The Danger of Too Many Choices
Posted By Kristin Charbonnier, Jan 25, 2013
The option-generating negotiation, whereby many possible resolution options are brainstormed and considered by the negotiating parties, can be a great way to develop creative solutions to seemingly intractable problems. But it can also lead negotiators astray. In Panacea or Pandora’s Box?: The Costs of Options in Negotiation, Professor Chris Guthrie describes how despite the fact that many experts exalt the option-generating negotiation model, it can lead to sub-optimal negotiation outcomes. He goes on to prescribe how lawyers can negotiate on behalf of their clients to maximize the benefits of option-generating negotiations, while avoiding many of the common pitfalls.
Many experts agree that successful negotiation outcomes depend on generating a large number of relevant options and selecting from among those options. Negotiators who heed to the option-generating method may identify novel alternatives that effectively reconcile the parties’ differing interests. However, the option-generating model has pitfalls and negotiators that use the option-generating model model may enter into an inferior agreement with which they feel less satisfied than those negotiators that do not use the option-generating model. [Prof S finds this a bit redundant already]
There are four common pitfalls negotiators fall into when dealing with multiple options: option devaluation, context dependence, non-compensatory decision making, and decision regret.
The first pitfall, option devaluation, is a phenomenon that causes negotiators to unwittingly devalue an option once it becomes part of a set of options. This occurs because options that look attractive by themselves often look less attractive when compared to other options. Contrary to the rational ideal, comparisons influence the way people evaluate an option. In fact, comparisons can decrease the attractiveness of all options being compared. To illustrate option devaluation, consider the following scenarios. In the first scenario, a prospective law student is admitted only to Harvard Law School. In the second scenario, the same prospective law student is admitted to Harvard and Stanford. The student prefers a school with a large enrollment and temperate climate. Thus, she will view Harvard’s large size as an advantage over Stanford, and Stanford’s temperate climate as an advantage over Harvard. At the same time she will perceive Harvard’s climate to be a disadvantage to Stanford, and Stanford’s size to be a disadvantage to Harvard. The process of comparison will bring to mind the relative advantages and disadvantages. Each option’s “losses” are likely to loom larger than its gains. When comparing law schools, Harvard’s cold climate will decrease its attractiveness more than its large enrollment will increase its attractiveness. Therefore, the prospective student was better off in the first scenario when she was admitted only to Harvard.
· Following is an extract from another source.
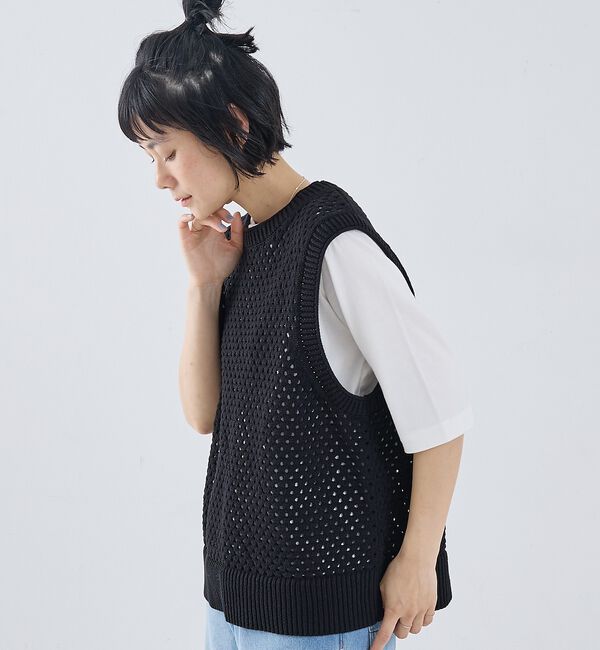 collex「メッシュ柄ベスト」|ベスト・ジレ|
The second pitfall, context dependence, is a phenomenon that occurs when a new option is added to an existing choice set. Research demonstrates that people are likely to evaluate an existing option more favorably when a similar, but inferior option is added to the choice set. Chris Guthrie illustrated context dependence in a negotiation experiment he performed with first-year law students. In the negotiation two law partners decided to part ways. They both wanted a lobby painting worth $40,000. In the two option scenario, Lawyer A could sell the painting to Lawyer B for a $20,000 lump sum cash payment. Or they could sell the painting to the artist and each receive a $20,000 lump sum cash payment. 65% of the subjects preferred to sell the painting to the artist and 35% preferred to sell the painting to sell the painting to the law partner. The three option scenario adds a third inferior option: Lawyer A can sell the painting to Layer B and receive $20,000 in installment payments. Adding the third inferior option dramatically changed the results. In the three option scenario, 30% of the subjects preferred to sell the painting to the artist, and 70% of the subjects preferred to sell the painting to the partner.
The third pitfall, non-compensatory decision making, simply means that when many options are available, people have a difficult time evaluating all the available information.
The fourth pitfall, decision regret, is implicated in multiple-option negotiations because negotiators are likely to compare the option they have selected to those they have rejected. These comparisons can produce post-decision regret.
Be aware of these pitfalls in the option-generating model. They can lead a negotiator to select a sub-optimal outcome or experience post-decision regret.
Sophisticated negotiators, such as lawyers, are more likely than inexperienced negotiators to maximize the benefits and minimize the costs of option-generation in negotiation. First, sophisticated negotiators are more likely to make rational decisions; and evidence suggests that clients want their agents to evaluate decision options rationally. Second, because sophisticated negotiators can make rational decisions they can help clients faced with multiple options make better decisions during negotiations. Sophisticated negotiators, such as lawyers, can provide contextual information, such as data on jury verdicts and settlements, to help their client make a rational decision. Additionally, clients often experience feelings of regret after selecting one option at the expense of the other. Lawyers can, and should, help their clients make peace with the decisions they’ve made in the negotiation. One way to do this is to work with clients to construct a rationale supporting the choices they have made.